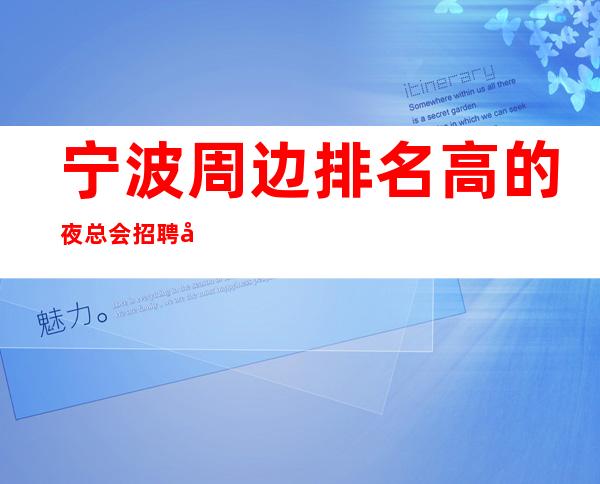 宁波周边排名高的夜总会招聘女服务员,每天很缺人,压力很小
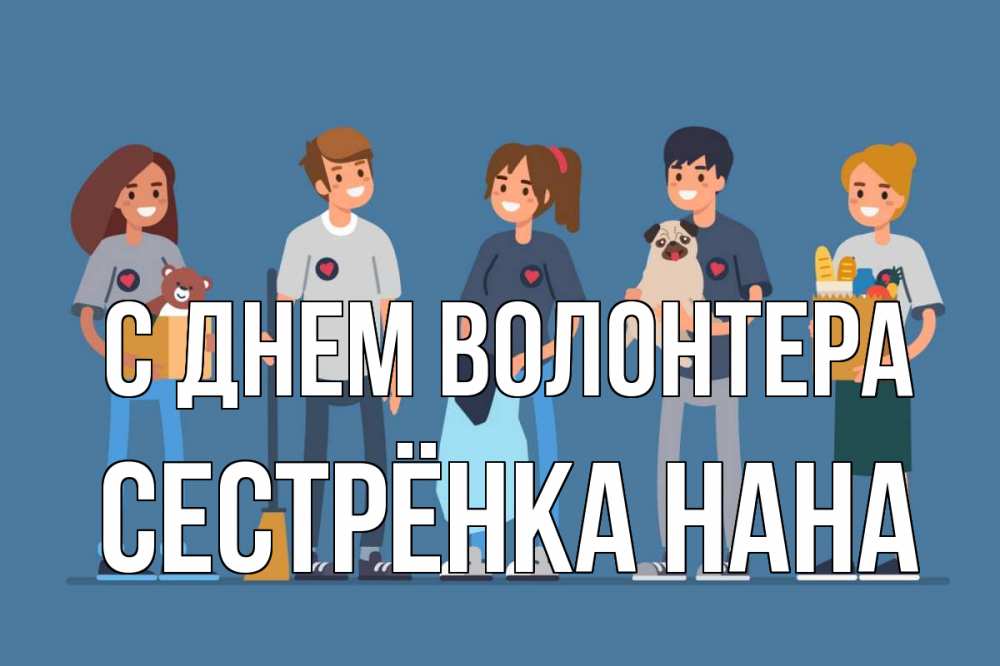 Открытка на каждый день с именем, Сестрёнка-Нана С днем волонтера С днем волонтера Прикольная открытка с пожеланием онлайн скачать бесплатно 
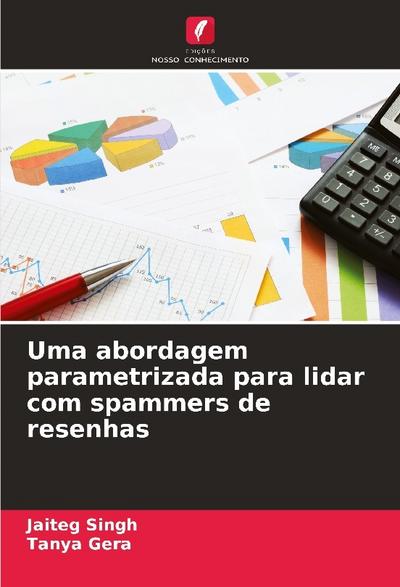 Uma abordagem parametrizada para lidar com spammers de resenhas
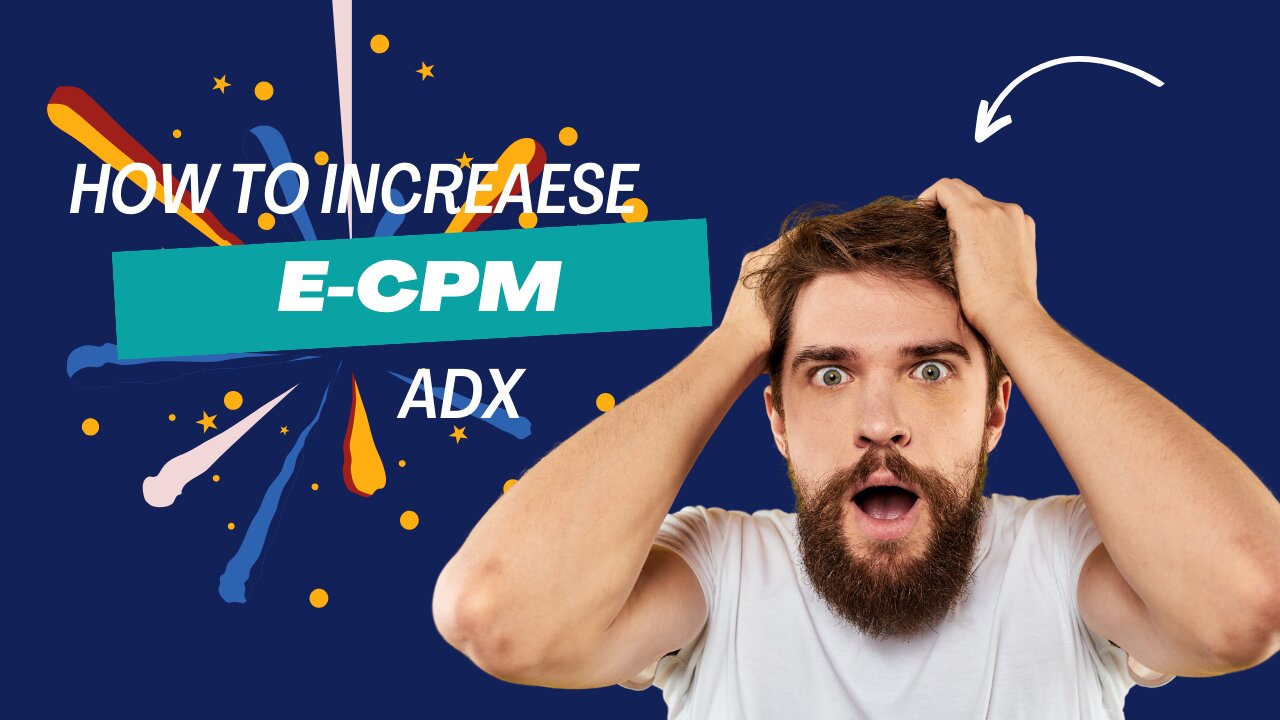 How To Increse E-Cpm Of Adx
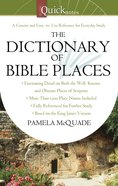 The Quicknotes Dictionary of Bible Places eBook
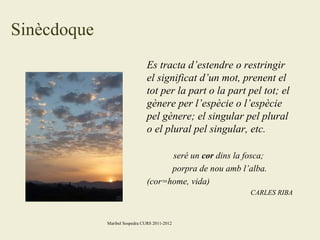Sinècdoque
Es tracta d’estendre o restringir
el significat d’un mot, prenent el
tot per la part o la part pel tot; el
gènere per l’espècie o l’espècie
pel gènere; el singular pel plural
o el plural pel singular, etc.
seré un cor dins la fosca;
porpra de nou amb l’alba.
(cor=home, vida)
CARLES RIBA

Maribel Sospedra CURS 2011-2012

 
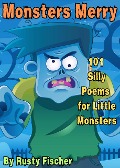 Cover-Bild zum Titel 'Monsters Merry: 101 Silly Poems for Little Monsters (The October Crew: Haunting Holiday Rhymes for Little Monsters, #12)' von 'Rusty Fischer'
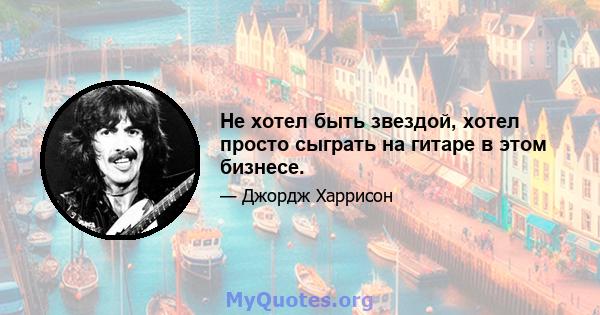 Не хотел быть звездой, хотел просто сыграть на гитаре в этом бизнесе.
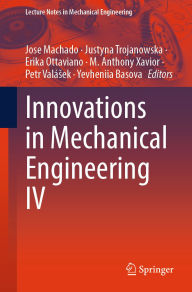 Title: Innovations in Mechanical Engineering IV, Author: Jose Machado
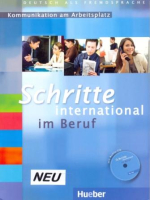 Schritte International im Beruf Kommunikation am Arbeitsplatz +D - учебник с диском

**TASK DIRECTIONS:** For every entry above, please output the text exactly and leave any picture behind.

**EXERCISE OUTPUT:**
 宁波周边排名高的夜总会招聘女服务员,每天很缺人,压力很小
 Открытка на каждый день с именем, Сестрёнка-Нана С днем волонтера С днем волонтера Прикольная открытка с пожеланием онлайн скачать бесплатно 
 Uma abordagem parametrizada para lidar com spammers de resenhas
 How To Increse E-Cpm Of Adx
 The Quicknotes Dictionary of Bible Places eBook
Sinècdoque
Es tracta d’estendre o restringir
el significat d’un mot, prenent el
tot per la part o la part pel tot; el
gènere per l’espècie o l’espècie
pel gènere; el singular pel plural
o el plural pel singular, etc.
seré un cor dins la fosca;
porpra de nou amb l’alba.
(cor=home, vida)
CARLES RIBA

Maribel Sospedra CURS 2011-2012

 
 Cover-Bild zum Titel 'Monsters Merry: 101 Silly Poems for Little Monsters (The October Crew: Haunting Holiday Rhymes for Little Monsters, #12)' von 'Rusty Fischer'
 Не хотел быть звездой, хотел просто сыграть на гитаре в этом бизнесе.
 Title: Innovations in Mechanical Engineering IV, Author: Jose Machado
 Schritte International im Beruf Kommunikation am Arbeitsplatz +D - учебник с диском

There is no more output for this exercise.